_What needs to be done_
Print exactly the lines that run from the first line of the material to the line containing "White Tiki Warrior", both ends included, and skip the pictures.

_Exercise input_
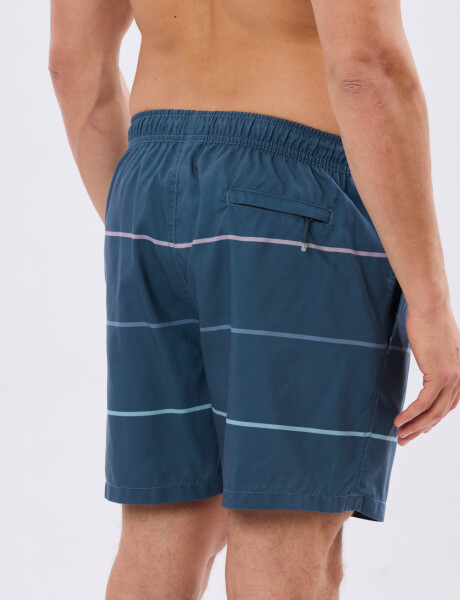 SHORT DE BAÑO RAYADO Azul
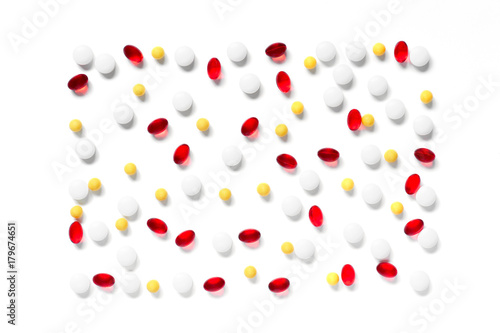 Pattern of various tablets on the white background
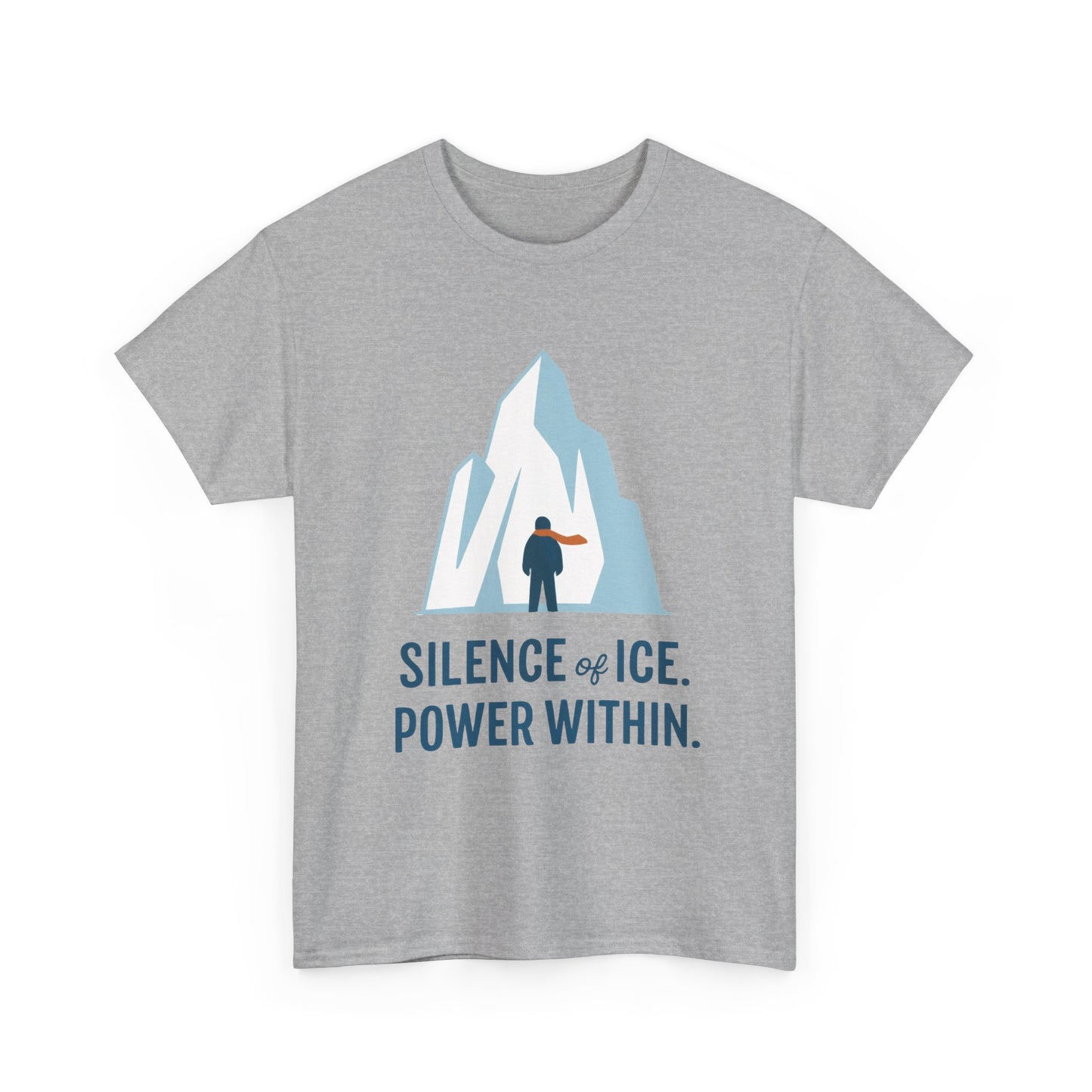 Silence of Ice Power Within Mens T-Shirt, Minimalist Nordic Iceberg Graphic Tee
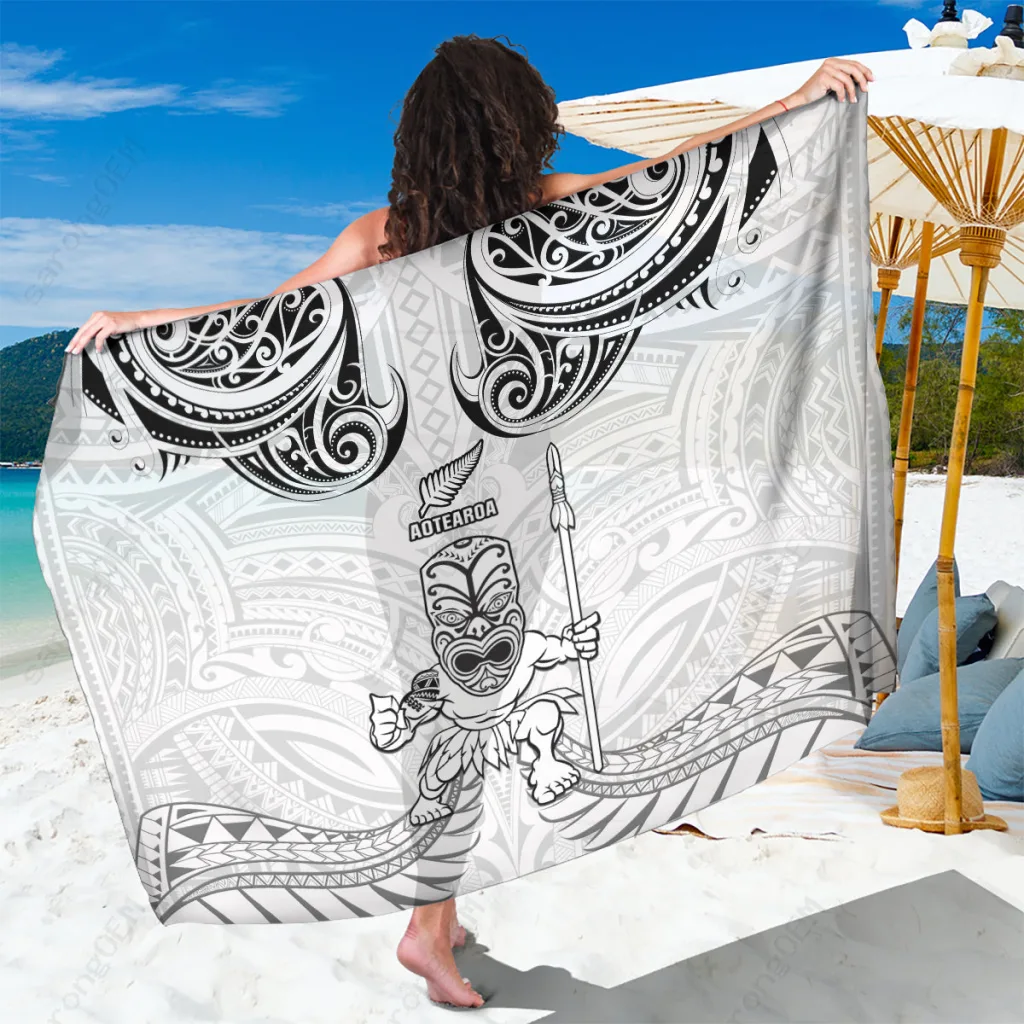 White Tiki Warrior Tribal Print Sarong Polynesian Beach Wrap Custom OEM Pareo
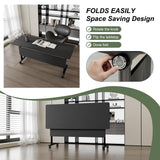 4Pack Folding Conference Room Tables,Modular Mobile Conference Table,Dynamic Joinable Seminar Training Table,Stackable Office Meeting Tables for Classroom Training Center Library(4,Black,47.2in)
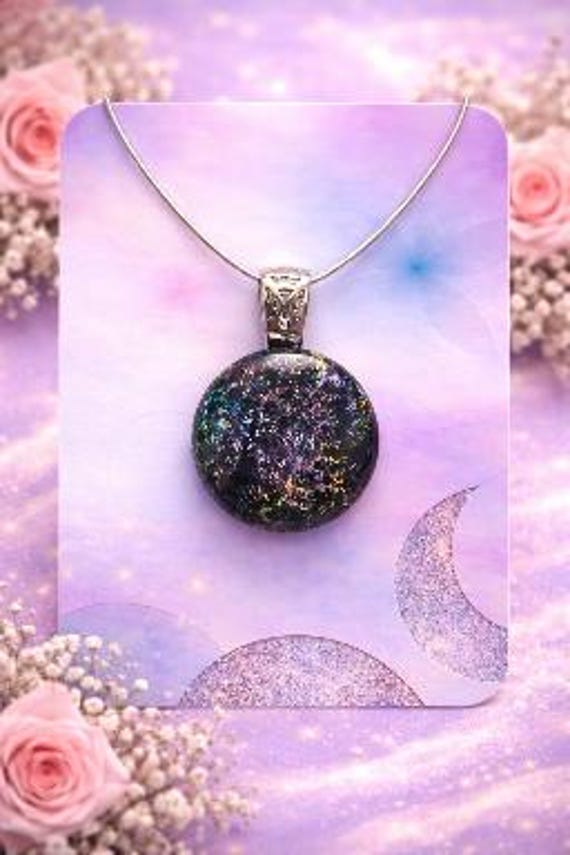 Hand Crafted Dichroic Fused Glass Shimmer Pendant
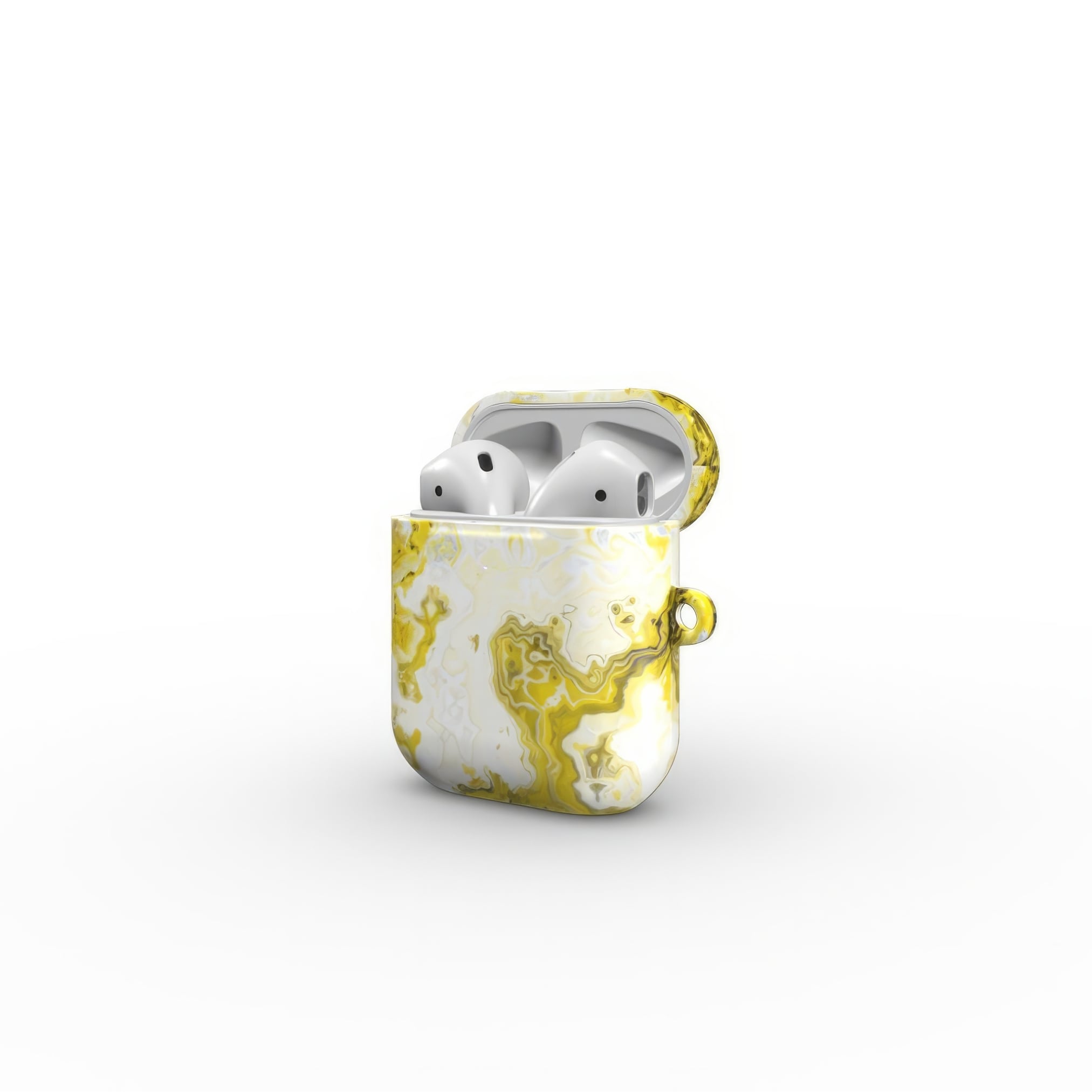 AirPods 1 and 2 tough case open side view; Citron pattern, artistic, abstract marble pattern. White and yellow color combination. Bold expressive aesthetic design. Colorful and interior fit. Elegant.
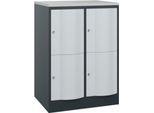 C+P Schließfachschrank Resisto, 2 Abteile, 4 Fächer, B 772 x T 640 x H 1077 mm, Anthrazitgrau/Lichtgrau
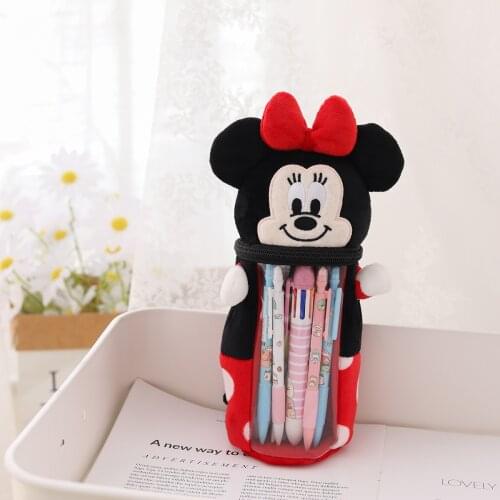 Disney Mickey mouse Plush Pencil Case Pen Holder Popular Girl Boy Stitch Transparent Storage Bag Gift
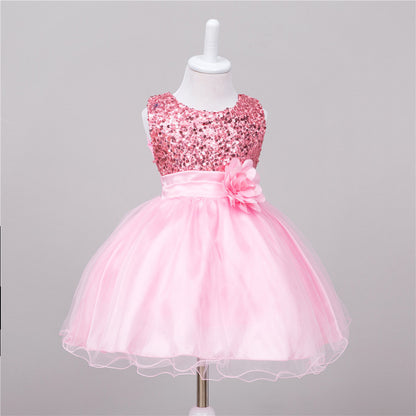 Baby Sequin Flower Girl Dress – Elegant Princess Outfit for Weddings and Special Occasions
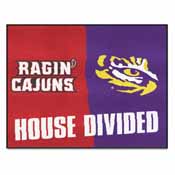 UL-Lafayette / LSU House Divided Rug 33.75"x42.5", 20397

_Output below_
 SHORT DE BAÑO RAYADO Azul
 Pattern of various tablets on the white background
 Silence of Ice Power Within Mens T-Shirt, Minimalist Nordic Iceberg Graphic Tee
 White Tiki Warrior Tribal Print Sarong Polynesian Beach Wrap Custom OEM Pareo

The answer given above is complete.